Von Matthias Bosenick (09.07.2020)
Die Wüstenblueser aus Mali gehen konsequent weiter und vertiefen die „westlichen“, mithin US-amerikanischen und europäischen, Einflüsse in ihrer Tuaregmusik. Der Hybrid bleibt als solcher erhalten, lediglich die Schwerpunkte verlagern sich, und so lebt auch „Tamotaït“ von der Mischung aus vertraut und fremd, zugänglich und sperrig. Innerhalb der Lieder sind Experimente gar nicht erforderlich – das ganze Konzept ist bereits ein Experiment. Und „Tamotaït“ klingt melancholischer als die früheren Alben, dem Schicksal der Band geschuldet vermutlich.
„Hoffnung auf eine bessere Zukunft“ lautet die Übersetzung des Titels „Tamotaït“, und als hätten Tamikrest es vorausgeahnt – das Album erschien im März, pünktlich zum beginnenden Lockdown – , ist diese bitter nötig: Als Folge der Corona-Krise fehlt es dem Musikerkollektiv an Einkommen, mit Crowdfunding und Sonderaktionen versuchte die Band, die Lücken zu stopfen.

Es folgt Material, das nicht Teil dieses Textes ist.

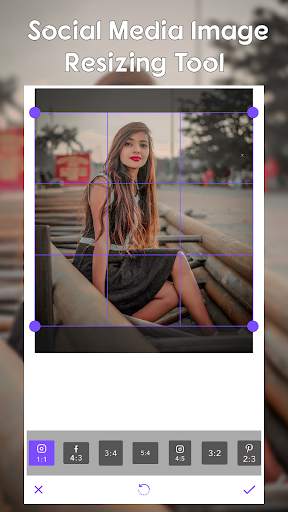 P editor Pro & Photo Collage Maker Pro screenshot 7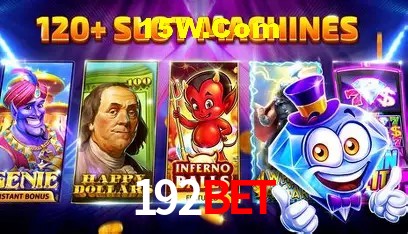Integração de APIs 192Bet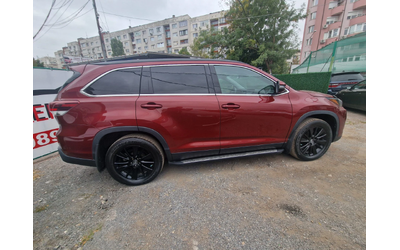 toyota-highlander - 5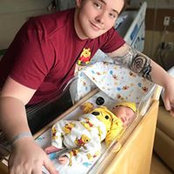 Shaun Morrissey's photo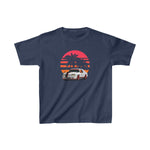 Jonathan Reiblich | '89 Ford Mustang | Apparel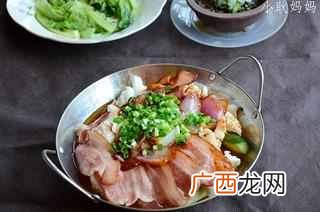 海鲜火锅的做法有哪些，教你一个小窍门！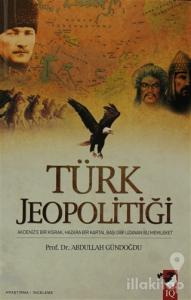 Türk Jeopolitiği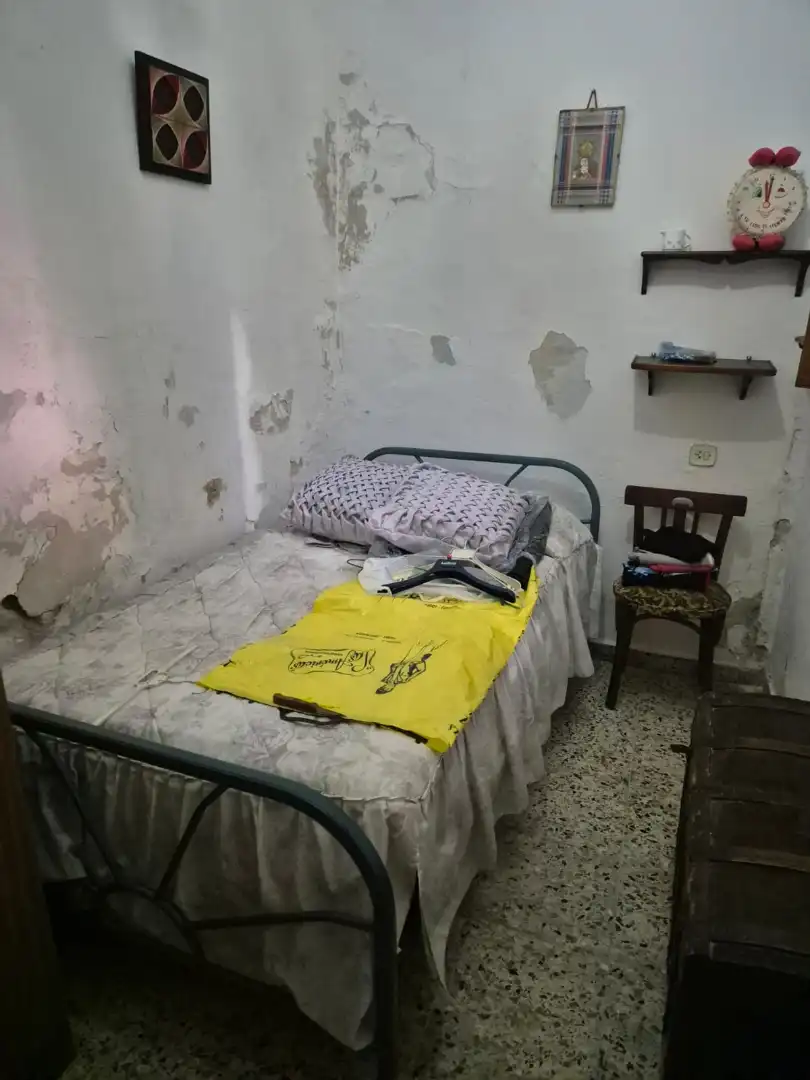 Habitación de Casa adosada en venta en Lanjarón con Terraza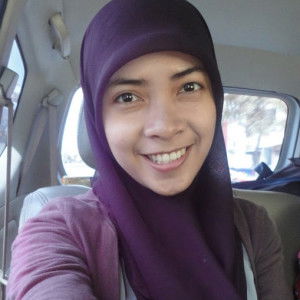 Novi Angraini profile icon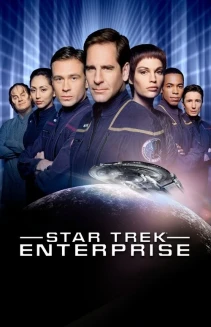 Watch Star Trek: Enterprise online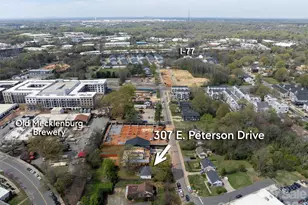 307 E Peterson Dr, Charlotte, NC 28217 - Photo 29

Aus politischen Gründen musste das Quintett die Heimat Mali verlassen und versuchte in der Folge, sich von Belgien aus mit Touren über Wasser zu halten, was derzeit eben nicht möglich ist. Das Album zu verkaufen, könnte ein weiterer Bonus für die Band sein.
Und er ist es natürlich wert. Auf ihrem fünften Werk „Tamotaït“ bleiben Tamikrest wiedererkennbar, sich selbst also treu, und entwickeln sich doch weiter. Ausgehend von einem Gitarrenworkshop in der Sahara, war die Urintention Tamikrests vor 15 Jahren, den Sahara-Blues mit dem Ishumar-Rock zu verknüpfen; dabei handelt es sich um „Desert Blues“, wie ihn junge Tuareg im Rahmen einer Widerstandsbewegung spielen. Also eine Vertiefung des Konzeptes, traditionelle Tuareg-Gesänge mit E-Gitarren-Blues zu transportieren, und das gelingt Tamikrest mit Hingabe.
Auf den vorherigen Alben überwog dabei noch die Lebensfreude, die sich auch in typischen Trillerrufen ausdrückte, ansteckend nicht nur auf der Bühne, die sie in die Songs streuten. Die Songs bestehen aus schachteligen Rhythmen, elegisch-hypnotischen Gitarrenloops und dem Europäer fremden, beinahe leiernd wirkenden Gesängen; das Trillern indes und damit die Lebensfreude fehlt auf „Tamotaït“. Aufgrund der politischen Situation, der sich die Band von Seiten ihrer Heimat ausgesetzt sieht, und der daraus erzwungenen Lage, das Leben nach Europa zu verlagern, resultiert vermutlich eine Melancholie, die sich auf die Kompositionen niederschlägt.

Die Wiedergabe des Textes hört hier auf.